Dutch eel boats in the Thames, 1931

Watch this archive footage as boats cross from the UK to gather in the Netherlands for the Dutch OGA 20th Anniversary. This fascinating old silent movie footage from the Pathe archive is subtitled “A glance at the old Dutch Schuyts”. The intertitle explains that for nearly three centuries the Dutch “Schuyts”, or eel boats have been moored in the Thames. They remain there until relieved by other boats because if they were to vacate the moorings, their privileges would be lost. There are high angle shots of a man on board the boat looking at an open topped box full of eels. He tips more wriggling eels into the box. They transfer eels from box to bucket.
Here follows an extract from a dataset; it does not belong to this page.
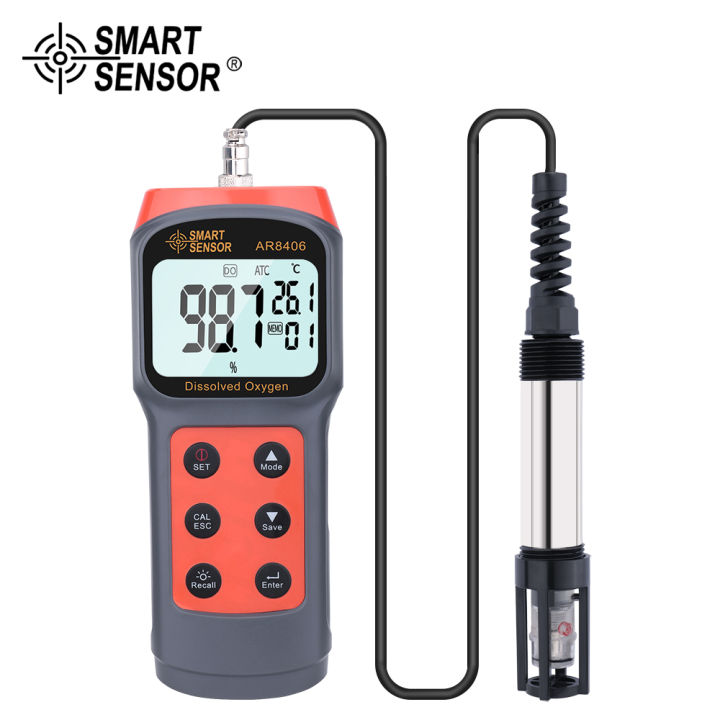 Professional Water Quality Tester Digital Dissolved Oxygen Meter DO ...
The eels – “so beloved of Londoners” – are gathered from the North Sea. We see buckets of eels being poured into boxes. “Although moored in the heart of London, they never forget their Dutch methods and habits. Towards the end we spot a man climbing out of a trapdoor and putting on his traditional wooden clogs. Tower Bridge is in the background.

Created at the beginning of the 20th Century by the Pathé brothers, the newsreel was the world’s first televised news platform. Pioneering the technology and methods of cinema, British Pathé stayed at the forefront of filmed news for decades. Releasing three newsreels a week during that period, British Pathé was the way the people of Britain experienced world events until the advent of television.